#### YOUR ASSIGNMENT
The listing below should be printed exactly, though its pictures must not be.
------ COLLECTED DATA ------
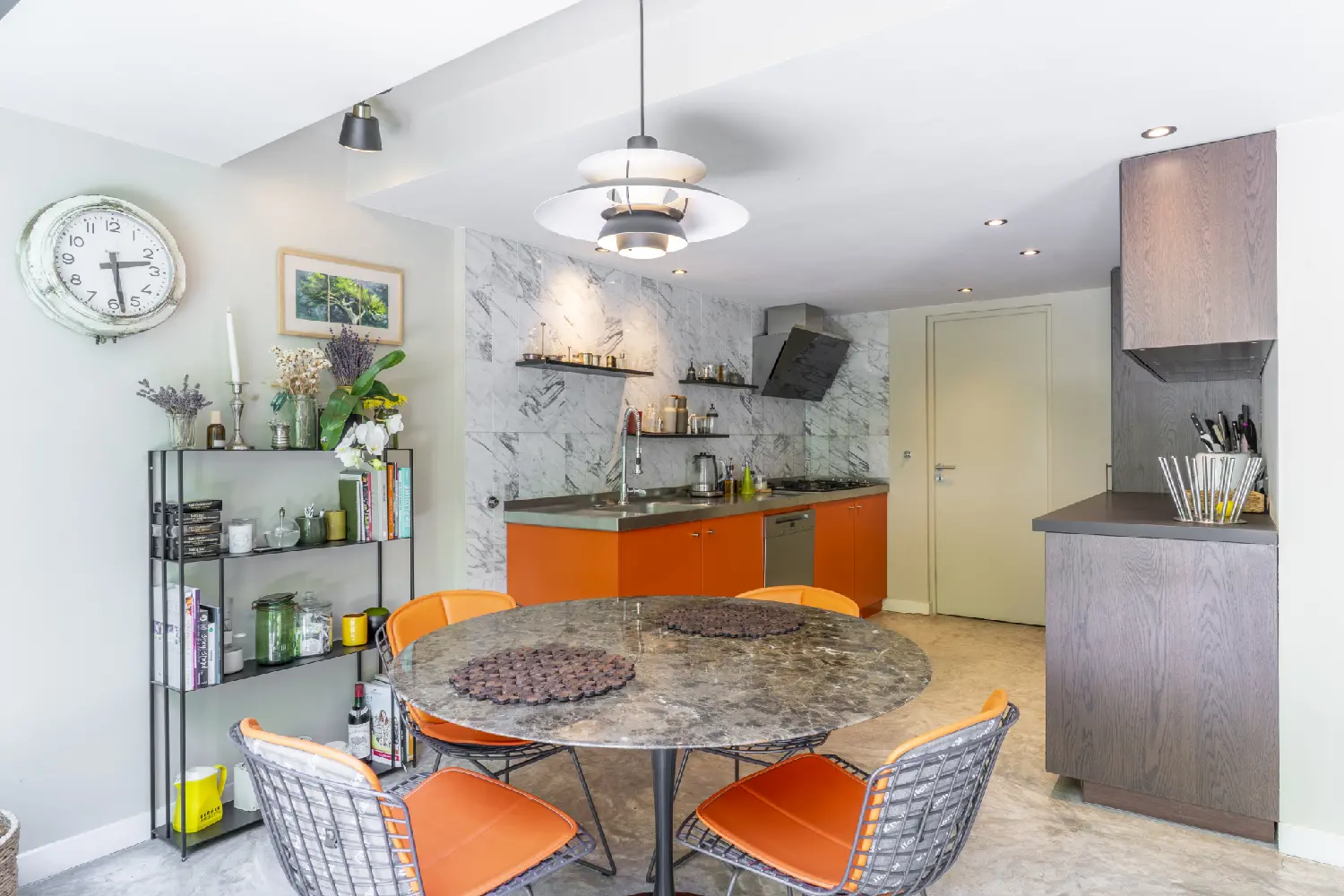  à vendre villa Toulon Var 7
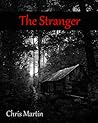 The Stranger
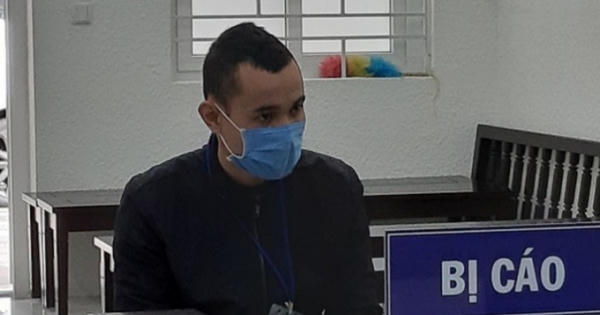 Đánh vỡ mặt bạn vì không đòi được 40 triệu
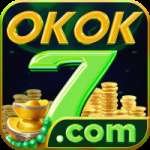 okok7 - Live Plus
------
#### RESULT
  à vendre villa Toulon Var 7
 The Stranger
 Đánh vỡ mặt bạn vì không đòi được 40 triệu
 okok7 - Live Plus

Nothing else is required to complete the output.